Perhaps a series of ideas would work

1. First off, imprint a hand print on the cup so that consumers become more conscious that the cup is theirs when they pick it up.  Perhaps a green hand to be seen as earth conscious. Also pictures of rabbits and furry animals and a line that says "Recycle to save on coffee"

2.Have every coffee store offer to take a picture posted on the wall of those who save 100 cups in a year. Also have contests in which the winner bringing the most cups receives a free metal cup or collasping cup. 
Make these offers seperate as some will want to do both.

3. Give $1.00 coffee rebates by utilizing a punch-out card to mark when a customer has recycled 5 cups. Plus make the card out of recycled cups!!
Or better yet offer a scanable key chain to record how many cups are recycled and why not record how many coffee are purchased as well too. 

 4. Offer tax breaks to shops based on the percentage of recycled cups sold.

Since it will be cheaper to use recycled cups the shops will save and realistically will be able to reduce price by a few cents or more.

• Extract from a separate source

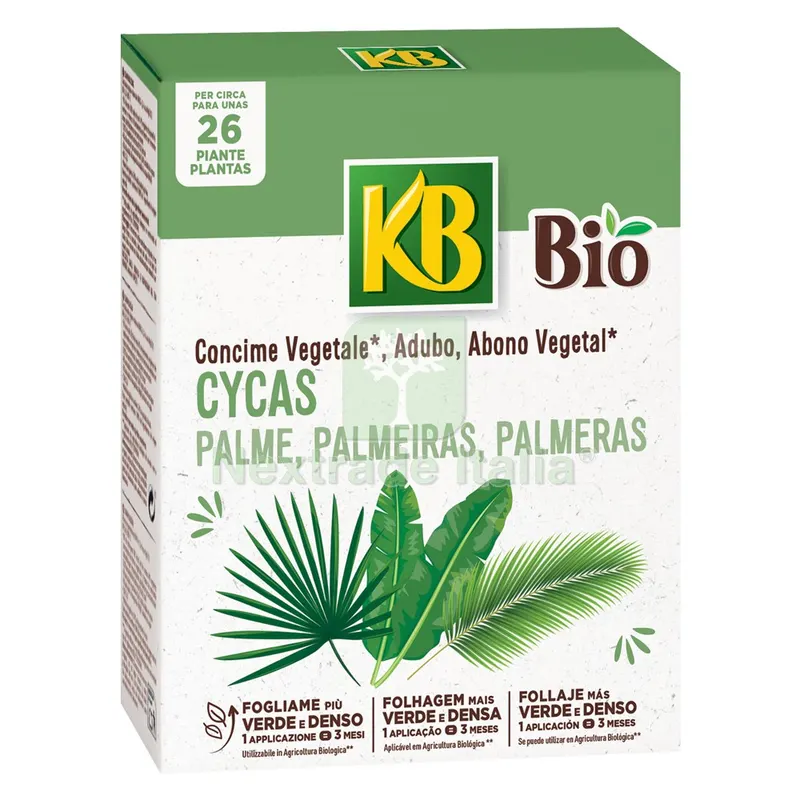Concime Granulare 'cycas e Palme' Gr. 650 — Protezione piante e sementi — rif. FERX.6127241NLM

Ok, so now how do we actually reuse the cups?

1.  Reuse as coffee cups (already stated)

2.  Allocate them to paper plate companies. (Give them tax breaks too.)

3. Perhaps transferable into note-book paper or covers of journals.

4. Build large and ridiculously creative art structures of paper cups placed within shops and on college campuses increasing word of mouth. 

Call it the cup movement...no ok call it "Earth yuppies" 
Have Al Gore wear a suit of paper cups and attempt to save humpback whales on live television. No seriously I'll watch.  It's not necessary to try save every single cup with this but I'm certain many will actually be recycled.  Everyone loves to have a photo taken.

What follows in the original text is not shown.